04 Aug Display of works by internationally renowned artist Phyllida Barlow opens at Colchester’s Firstsite gallery

A display of works by one of the international art world’s brightest stars – Phyllida Barlow – has just opened at Colchester’s Firstsite gallery.

The sight of the physical devastation to London’s East End, caused by Second World War bombing raids, is one of Phyllida Barlow’s earliest childhood memories. The destruction and repair of the urban environment has since become one of her principle inspirations. Placed in the welcome area of Firstsite, and leading the reopening of the gallery following the imposed lockdown, Firstsite highlights the parallel between these works and deconstruction of contemporary society and subsequent repair and recovery needed to our collective mental health in the face of this adversity.

For more than 50 years, Phyllida has taken inspiration from her surroundings to create imposing installations that can be at once menacing and playful. She creates anti-monumental sculptures from inexpensive, low-grade materials such as cardboard, fabric, plywood, polystyrene, scrim and cement; from the industrial to the domestic, and mixes them together. She takes the ordinary and transforms it into the extraordinary, composing what she describes as ‘a kind of still life’.

The artworks in the Firstsite display are drawn from exhibitions made for The Fruitmarket Gallery, Edinburgh (2015), and the British Pavilion at the Venice Biennale (2017). They have been brought together to coincide with the exhibition Tell me the story of all these things (until 11 October) which has been curated by ‘radical women’ of Colchester. It examines the role of emotion and soft power in our society and how this can be used positively to connect and empower us.

Speaking about the start of her art education at the Slade School of Art, at the age of 19, Phyllida recalls “A male tutor, a very successful artist at the time, came to me and said ‘I won’t be talking to you very much, because by the time you’re 30 you will be having babies and making jam.’ I just managed to say ‘What’s wrong with that?’  Of course, he couldn’t answer that.
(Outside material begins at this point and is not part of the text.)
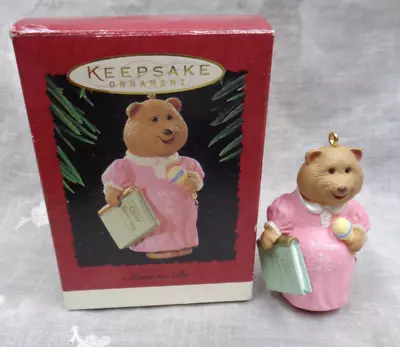 1995 HALLMARK Keepsake Christmas Ornament MOM-TO-BE QX5659 • $8.50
But that was the sort of chilling reminder that this was a male domain and that girls were very privileged to be allowed into it. What happens to that huge number of women who are at art school and what does capitalism offer in terms of being an artist if you don’t get a galle ry or if you’ve got children, all the usual laments that we can make as women about trying to have two conflicting parts of one’s life, in tandem.”

Phyllida Barlow has had a long career as an artist and a fine art teacher, including Professor of Fine Art and Director of Undergraduate Studies at the Slade until 2009, and Chelsea College of Art and Design before that. She was elected as a Royal Academician in 2011.

Firstsite Director, Sally Shaw says “These beautiful works instantly encourage contemplation, their size is both confrontational but also reassuring, and as you weave between these huge structures, staring up at them, it produces an almost meditative effect.  As we welcome our visitors back to Firstsite we want to provide as many opportunities as possible for everyone to become lost in art and their imagination and Phyllida Barlow’s work embodies this perfectly. These arresting sculptures lead our reopening programme which includes an empowering exhibition curated by Afro-Futures_UK, beautiful local art from artist Sonia Coode-Adams and the Colchester and Ipswich Art Societies, and culminates at the back of our building with the uplifting “Tell me the story of all these things” exhibition. Our whole programme responds to the feedback we have received from our community throughout the lockdown and is designed to help everyone really take time to find comfort in creativity, and feel part of their community again, connecting with others through this shared experience of art, reflection and inspiration.”